Fundamentals (Q1–Q10)

These foundational questions are asked in every microservices interview. Get these perfect first.
Q1 · Architecture
What is the difference between microservices and monolithic architecture?
Monolithic: All components in a single deployable unit. Simple to develop and debug initially. As the codebase grows: deployment is risky (all-or-nothing), scaling is inefficient (scale the whole app instead of just the bottleneck), and tech choices are locked in.

Microservices: Application split into small, independently deployable services, each with its own database. Services communicate via REST APIs, gRPC, or message queues (Kafka).

Advantages of microservices: Independent scaling, independent deployment, tech stack flexibility, fault isolation.
Disadvantages: Distributed systems complexity (network failures, latency), eventual consistency challenges, operational overhead (many services to monitor and deploy).
Q2 · API Gateway
What is an API Gateway? What does it do?
An API Gateway is the single entry point for all client requests in a microservices system. It routes requests to the appropriate service.

Key responsibilities:
• Request routing (route /orders to Order Service, /payments to Payment Service)
• Authentication & Authorization (verify JWT tokens before passing to services)
• Rate limiting (prevent abuse)
• SSL termination
• Request/response transformation
• Load balancing
• Circuit breaker / retry logic

Popular implementations: AWS API Gateway, Kong, Nginx, Netflix Zuul, Spring Cloud Gateway.
Q3 · Service Discovery
What is service discovery in microservices? Client-side vs server-side?
Service discovery allows services to find each other without hardcoded IP addresses (which change as services are deployed, scaled, or fail).

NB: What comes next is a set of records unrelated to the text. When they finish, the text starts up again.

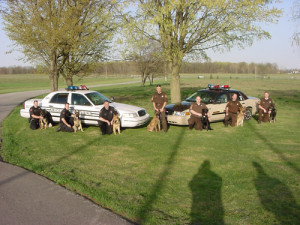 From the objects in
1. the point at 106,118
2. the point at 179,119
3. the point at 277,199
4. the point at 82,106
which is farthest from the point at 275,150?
the point at 82,106

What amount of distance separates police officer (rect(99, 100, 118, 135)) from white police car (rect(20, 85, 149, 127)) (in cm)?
49

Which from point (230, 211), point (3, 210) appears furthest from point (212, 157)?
point (3, 210)

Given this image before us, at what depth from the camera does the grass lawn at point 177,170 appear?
4.21 metres

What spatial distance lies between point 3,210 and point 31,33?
1151cm

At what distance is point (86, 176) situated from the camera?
5691 mm

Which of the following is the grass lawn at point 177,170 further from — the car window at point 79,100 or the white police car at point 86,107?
the car window at point 79,100

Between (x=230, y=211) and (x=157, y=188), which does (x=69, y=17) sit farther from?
(x=230, y=211)

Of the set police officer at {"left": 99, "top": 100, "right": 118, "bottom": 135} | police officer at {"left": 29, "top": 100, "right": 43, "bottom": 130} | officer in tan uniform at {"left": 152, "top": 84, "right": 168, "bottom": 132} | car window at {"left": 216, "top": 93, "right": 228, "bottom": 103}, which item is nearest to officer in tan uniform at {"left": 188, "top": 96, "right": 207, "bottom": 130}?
officer in tan uniform at {"left": 152, "top": 84, "right": 168, "bottom": 132}

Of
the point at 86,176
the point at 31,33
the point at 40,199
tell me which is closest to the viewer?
the point at 40,199

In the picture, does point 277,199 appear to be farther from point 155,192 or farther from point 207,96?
point 207,96

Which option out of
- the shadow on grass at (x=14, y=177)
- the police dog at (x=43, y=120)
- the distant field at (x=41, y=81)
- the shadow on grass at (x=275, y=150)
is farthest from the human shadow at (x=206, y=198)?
the distant field at (x=41, y=81)

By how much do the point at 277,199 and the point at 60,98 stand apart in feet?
28.4

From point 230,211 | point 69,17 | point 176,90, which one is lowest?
point 230,211

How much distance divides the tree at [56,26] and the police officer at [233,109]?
7174 millimetres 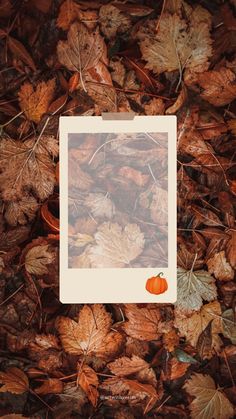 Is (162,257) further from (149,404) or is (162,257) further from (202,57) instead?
(202,57)

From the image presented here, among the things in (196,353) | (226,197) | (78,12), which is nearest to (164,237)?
(226,197)

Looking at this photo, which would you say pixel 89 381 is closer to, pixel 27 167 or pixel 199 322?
pixel 199 322

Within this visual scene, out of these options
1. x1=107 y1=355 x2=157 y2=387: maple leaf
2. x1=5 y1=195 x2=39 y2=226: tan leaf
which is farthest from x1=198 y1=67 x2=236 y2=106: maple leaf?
x1=107 y1=355 x2=157 y2=387: maple leaf

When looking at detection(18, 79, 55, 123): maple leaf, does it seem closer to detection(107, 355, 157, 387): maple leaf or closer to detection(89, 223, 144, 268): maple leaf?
detection(89, 223, 144, 268): maple leaf

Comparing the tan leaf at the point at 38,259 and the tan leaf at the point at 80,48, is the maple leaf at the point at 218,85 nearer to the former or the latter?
the tan leaf at the point at 80,48

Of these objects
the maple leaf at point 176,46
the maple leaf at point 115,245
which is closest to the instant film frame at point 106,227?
the maple leaf at point 115,245

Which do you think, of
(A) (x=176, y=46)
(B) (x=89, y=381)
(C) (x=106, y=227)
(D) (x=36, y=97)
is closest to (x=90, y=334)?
(B) (x=89, y=381) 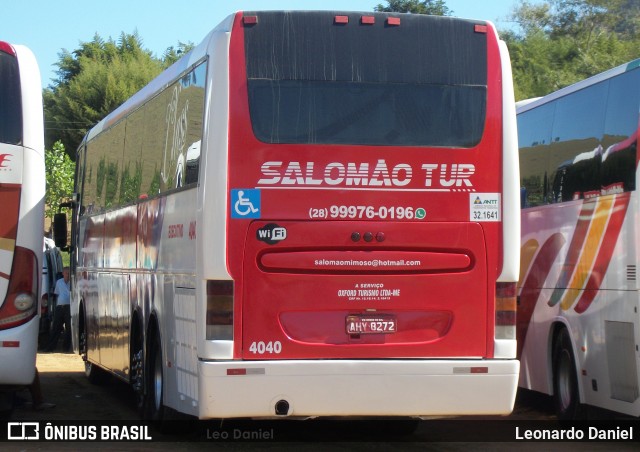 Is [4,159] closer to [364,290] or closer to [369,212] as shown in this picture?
[369,212]

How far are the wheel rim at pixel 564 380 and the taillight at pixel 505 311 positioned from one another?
3429mm

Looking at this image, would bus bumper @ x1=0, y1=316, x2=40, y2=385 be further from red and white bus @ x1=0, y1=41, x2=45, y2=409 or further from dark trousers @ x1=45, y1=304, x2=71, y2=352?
dark trousers @ x1=45, y1=304, x2=71, y2=352

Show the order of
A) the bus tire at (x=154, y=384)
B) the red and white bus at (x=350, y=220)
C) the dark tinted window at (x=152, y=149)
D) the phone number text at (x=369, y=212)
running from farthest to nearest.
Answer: the bus tire at (x=154, y=384) → the dark tinted window at (x=152, y=149) → the phone number text at (x=369, y=212) → the red and white bus at (x=350, y=220)

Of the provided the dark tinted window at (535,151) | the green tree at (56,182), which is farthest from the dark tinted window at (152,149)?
the green tree at (56,182)

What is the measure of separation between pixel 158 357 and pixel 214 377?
109 inches

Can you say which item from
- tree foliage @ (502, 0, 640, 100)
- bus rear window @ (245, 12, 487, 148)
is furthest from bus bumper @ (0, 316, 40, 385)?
tree foliage @ (502, 0, 640, 100)

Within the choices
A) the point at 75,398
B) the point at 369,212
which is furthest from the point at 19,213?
the point at 75,398

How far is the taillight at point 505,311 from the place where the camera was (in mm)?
9922

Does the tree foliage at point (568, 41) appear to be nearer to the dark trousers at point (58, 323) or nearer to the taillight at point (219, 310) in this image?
the dark trousers at point (58, 323)

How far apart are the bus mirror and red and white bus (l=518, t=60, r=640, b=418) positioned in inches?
260

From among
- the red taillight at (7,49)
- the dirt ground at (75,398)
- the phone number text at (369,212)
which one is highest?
the red taillight at (7,49)

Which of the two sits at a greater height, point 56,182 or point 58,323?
point 56,182

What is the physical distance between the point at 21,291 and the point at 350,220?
341 cm

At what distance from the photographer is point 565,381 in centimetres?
1336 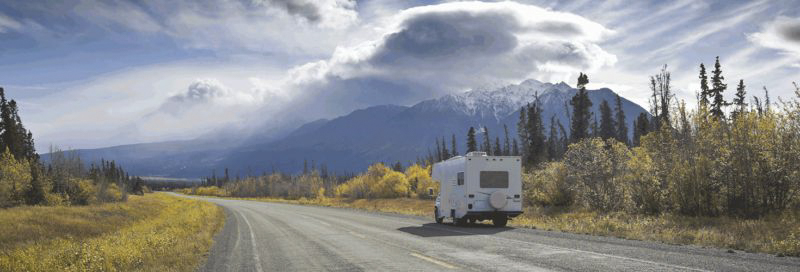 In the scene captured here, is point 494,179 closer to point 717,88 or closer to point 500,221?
point 500,221

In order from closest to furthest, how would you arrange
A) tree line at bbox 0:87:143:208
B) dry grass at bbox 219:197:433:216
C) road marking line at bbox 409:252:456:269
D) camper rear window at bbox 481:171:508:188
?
road marking line at bbox 409:252:456:269 → camper rear window at bbox 481:171:508:188 → dry grass at bbox 219:197:433:216 → tree line at bbox 0:87:143:208

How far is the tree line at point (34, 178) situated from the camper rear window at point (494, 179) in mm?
54662

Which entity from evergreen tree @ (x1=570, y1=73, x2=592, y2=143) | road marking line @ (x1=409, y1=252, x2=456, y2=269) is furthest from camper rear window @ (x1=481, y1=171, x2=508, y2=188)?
evergreen tree @ (x1=570, y1=73, x2=592, y2=143)

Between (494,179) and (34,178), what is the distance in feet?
196

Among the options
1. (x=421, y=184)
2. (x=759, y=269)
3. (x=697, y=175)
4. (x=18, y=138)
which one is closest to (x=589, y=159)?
(x=697, y=175)

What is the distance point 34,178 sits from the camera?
61.5 metres

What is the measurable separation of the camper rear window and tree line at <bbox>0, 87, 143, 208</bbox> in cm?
5466

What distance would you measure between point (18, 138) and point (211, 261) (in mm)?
84747

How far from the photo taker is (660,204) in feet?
78.7

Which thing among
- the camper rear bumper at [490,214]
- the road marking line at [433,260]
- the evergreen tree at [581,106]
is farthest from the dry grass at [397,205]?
the evergreen tree at [581,106]

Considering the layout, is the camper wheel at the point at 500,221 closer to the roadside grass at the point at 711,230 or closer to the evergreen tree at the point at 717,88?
the roadside grass at the point at 711,230

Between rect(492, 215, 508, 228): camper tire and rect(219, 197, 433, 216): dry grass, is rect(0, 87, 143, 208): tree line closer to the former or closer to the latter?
rect(219, 197, 433, 216): dry grass

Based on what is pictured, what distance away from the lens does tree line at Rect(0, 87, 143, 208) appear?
58.7 m

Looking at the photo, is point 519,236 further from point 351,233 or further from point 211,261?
point 211,261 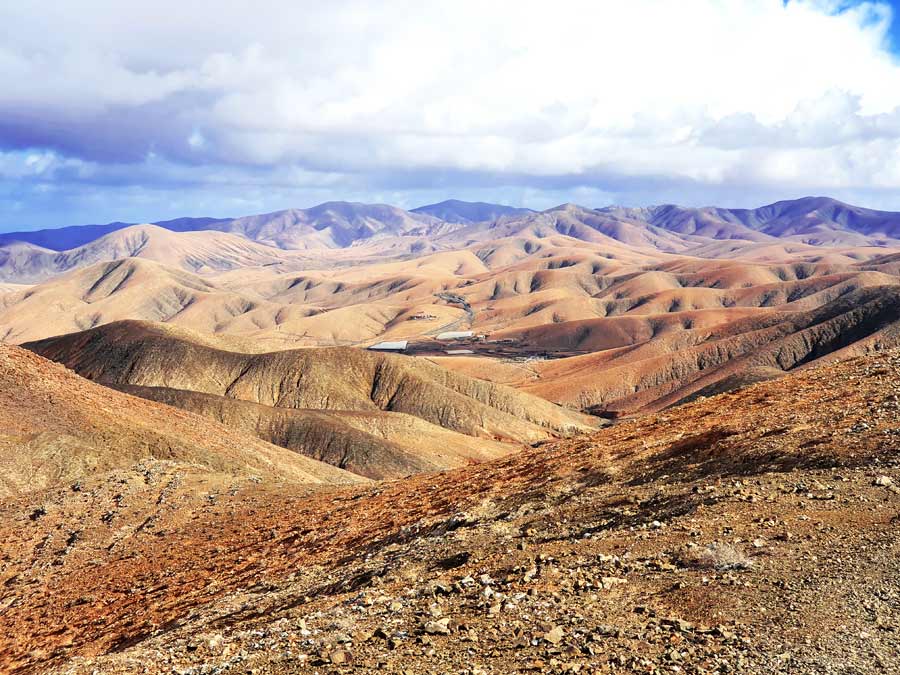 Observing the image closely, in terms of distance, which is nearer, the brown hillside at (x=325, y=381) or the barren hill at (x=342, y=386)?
the barren hill at (x=342, y=386)

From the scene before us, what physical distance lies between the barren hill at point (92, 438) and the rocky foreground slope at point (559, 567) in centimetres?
1533

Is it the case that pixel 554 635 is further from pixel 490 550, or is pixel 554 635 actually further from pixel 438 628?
pixel 490 550

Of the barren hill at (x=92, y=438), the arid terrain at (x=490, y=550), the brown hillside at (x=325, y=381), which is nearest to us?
the arid terrain at (x=490, y=550)

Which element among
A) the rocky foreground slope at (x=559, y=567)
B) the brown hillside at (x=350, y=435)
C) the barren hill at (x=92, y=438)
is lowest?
the brown hillside at (x=350, y=435)

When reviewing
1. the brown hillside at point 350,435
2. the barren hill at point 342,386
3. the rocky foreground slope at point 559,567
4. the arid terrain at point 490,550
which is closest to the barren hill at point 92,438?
the arid terrain at point 490,550

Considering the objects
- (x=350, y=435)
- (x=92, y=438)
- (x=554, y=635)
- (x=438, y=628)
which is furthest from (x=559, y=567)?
(x=350, y=435)

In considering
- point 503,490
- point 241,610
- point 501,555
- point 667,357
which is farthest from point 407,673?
point 667,357

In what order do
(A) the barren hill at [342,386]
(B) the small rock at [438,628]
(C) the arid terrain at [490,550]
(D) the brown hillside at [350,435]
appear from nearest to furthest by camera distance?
1. (C) the arid terrain at [490,550]
2. (B) the small rock at [438,628]
3. (D) the brown hillside at [350,435]
4. (A) the barren hill at [342,386]

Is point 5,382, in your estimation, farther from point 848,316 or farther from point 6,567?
point 848,316

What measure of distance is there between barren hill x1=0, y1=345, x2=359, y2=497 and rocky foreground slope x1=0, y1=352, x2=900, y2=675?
50.3 ft

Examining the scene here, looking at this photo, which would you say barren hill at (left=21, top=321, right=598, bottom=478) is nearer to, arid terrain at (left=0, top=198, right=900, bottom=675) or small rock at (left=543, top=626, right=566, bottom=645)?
arid terrain at (left=0, top=198, right=900, bottom=675)

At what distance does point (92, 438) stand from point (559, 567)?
4514cm

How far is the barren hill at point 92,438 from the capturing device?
1774 inches

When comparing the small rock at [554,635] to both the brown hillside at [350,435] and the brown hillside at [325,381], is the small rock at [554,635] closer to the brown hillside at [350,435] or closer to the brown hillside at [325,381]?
the brown hillside at [350,435] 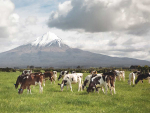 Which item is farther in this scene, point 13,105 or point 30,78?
point 30,78

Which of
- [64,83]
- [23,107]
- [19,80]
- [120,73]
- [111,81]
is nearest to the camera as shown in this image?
[23,107]

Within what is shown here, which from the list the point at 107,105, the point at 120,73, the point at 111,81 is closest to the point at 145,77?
the point at 120,73

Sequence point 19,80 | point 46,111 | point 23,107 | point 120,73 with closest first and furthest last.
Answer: point 46,111
point 23,107
point 19,80
point 120,73

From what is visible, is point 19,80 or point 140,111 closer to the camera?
point 140,111

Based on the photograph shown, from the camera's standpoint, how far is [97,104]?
37.1ft

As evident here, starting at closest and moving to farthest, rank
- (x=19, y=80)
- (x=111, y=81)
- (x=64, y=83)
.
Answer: (x=111, y=81) → (x=19, y=80) → (x=64, y=83)

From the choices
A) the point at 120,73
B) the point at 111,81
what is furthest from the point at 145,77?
the point at 111,81

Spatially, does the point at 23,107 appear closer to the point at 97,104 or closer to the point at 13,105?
the point at 13,105

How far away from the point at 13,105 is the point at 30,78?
7012mm

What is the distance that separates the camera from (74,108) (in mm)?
10352

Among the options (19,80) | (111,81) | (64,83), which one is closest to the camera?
(111,81)

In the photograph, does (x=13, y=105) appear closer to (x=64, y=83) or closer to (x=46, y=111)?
(x=46, y=111)

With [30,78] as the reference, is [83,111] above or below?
below

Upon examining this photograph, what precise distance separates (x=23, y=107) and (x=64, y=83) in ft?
32.2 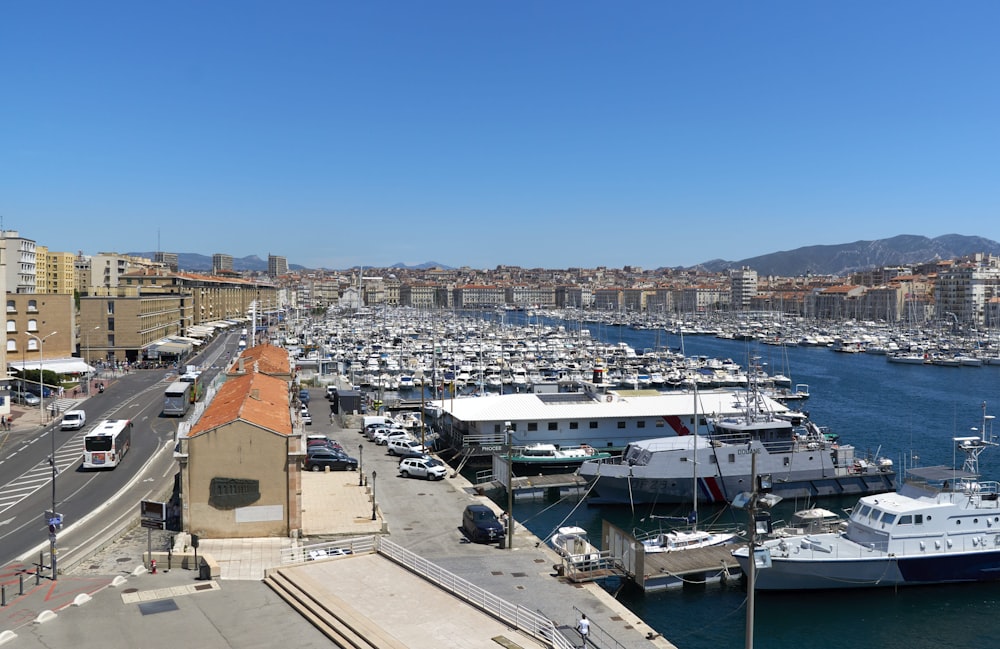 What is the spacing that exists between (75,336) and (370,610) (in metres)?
58.2

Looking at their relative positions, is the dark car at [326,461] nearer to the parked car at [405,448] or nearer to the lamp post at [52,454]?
the parked car at [405,448]

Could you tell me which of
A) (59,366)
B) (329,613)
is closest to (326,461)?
(329,613)

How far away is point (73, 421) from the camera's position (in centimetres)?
3488

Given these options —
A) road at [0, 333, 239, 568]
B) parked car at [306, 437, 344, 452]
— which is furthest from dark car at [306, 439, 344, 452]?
road at [0, 333, 239, 568]

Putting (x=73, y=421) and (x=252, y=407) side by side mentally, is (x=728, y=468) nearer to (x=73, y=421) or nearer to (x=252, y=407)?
(x=252, y=407)

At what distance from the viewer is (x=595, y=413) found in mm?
34844

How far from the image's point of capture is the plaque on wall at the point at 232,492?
18453 millimetres

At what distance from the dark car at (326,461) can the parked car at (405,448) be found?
316 centimetres

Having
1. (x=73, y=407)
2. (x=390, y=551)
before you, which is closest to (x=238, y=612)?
(x=390, y=551)

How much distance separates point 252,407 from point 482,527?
6.72 meters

Client-side discovery: The client queries a service registry (e.g., Eureka) to get available instances, then load-balances itself. Example: Netflix Ribbon + Eureka.

Server-side discovery: The client sends requests to a load balancer / API gateway, which queries the service registry and forwards the request. The client doesn't know about discovery. Example: AWS ALB + ECS service discovery.

Service registries: Netflix Eureka, Consul, etcd, AWS Cloud Map.
Q4 · Communication
What is the difference between synchronous and asynchronous communication in microservices?
Synchronous (REST, gRPC): The caller waits for a response. Simple, easy to implement, easier to debug. Problem: tight coupling — if the downstream service is down or slow, the caller is blocked. Cascading failures are a risk.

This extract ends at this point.